Improve wording in definition of bootstrap resampling (INRIA#617)

ArturoAmorQ · ogrisel · web-flow · commit c393a00a95ff · 2022-04-05T18:06:31.000+02:00
Co-authored-by: Olivier Grisel &lt;olivier.grisel@ensta.org&gt;
diff --git a/python_scripts/cross_validation_sol_01.py b/python_scripts/cross_validation_sol_01.py
@@ -188,8 +188,8 @@
 # We observe that adding new samples to the training dataset does not seem to
 # improve the training and testing scores. In particular, the testing score
 # oscillates around 76% accuracy. Indeed, ~76% of the samples belong to the
-# class `"not donated"``. Notice then that a classifier that always predicts the
-# `"not donated"`` class would achieve an accuracy of 76% without using any
+# class `"not donated"`. Notice then that a classifier that always predicts the
+# `"not donated"` class would achieve an accuracy of 76% without using any
 # information from the data itself. This can mean that our small pipeline is not
 # able to use the input features to improve upon that simplistic baseline, and
 # increasing the training set size does not help either.

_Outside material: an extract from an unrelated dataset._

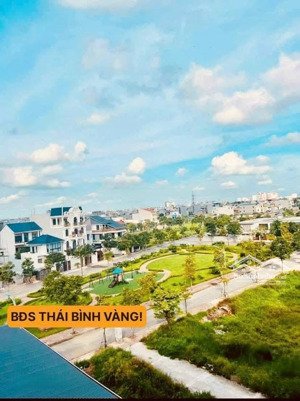 bán lô biệt thự góc view công viên kđt kỳ đồng thái bình - lh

diff --git a/python_scripts/ensemble_bagging.py b/python_scripts/ensemble_bagging.py
@@ -83,10 +83,16 @@ def generate_data(n_samples=30):
 #
 # ## Bootstrap resampling
 #
-# A bootstrap sample corresponds to a resampling with replacement, of the
-# original dataset, a sample that is the same size as the original dataset.
-# Thus, the bootstrap sample will contain some data points several times while
-# some of the original data points will not be present.
+# Bootstrapping is a resampling "with replacement" of the original
+# dataset. It corresponds to sampling n out of n data points with
+# replacement uniformly at random from the original dataset. n is the
+# number of data points in the original dataset.
+#
+# As a result, the output of the bootstrap sampling procedure is another
+# dataset with also n data points, but likely with duplicates. As a consequence,
+# there are also data points from the original dataset that are never selected to
+# appear in a bootstrap sample (by chance). Those data points that are left away
+# are often referred to as the out-of-bag sample.
 #
 # We will create a function that given `data` and `target` will return a
 # resampled variation `data_bootstrap` and `target_bootstrap`.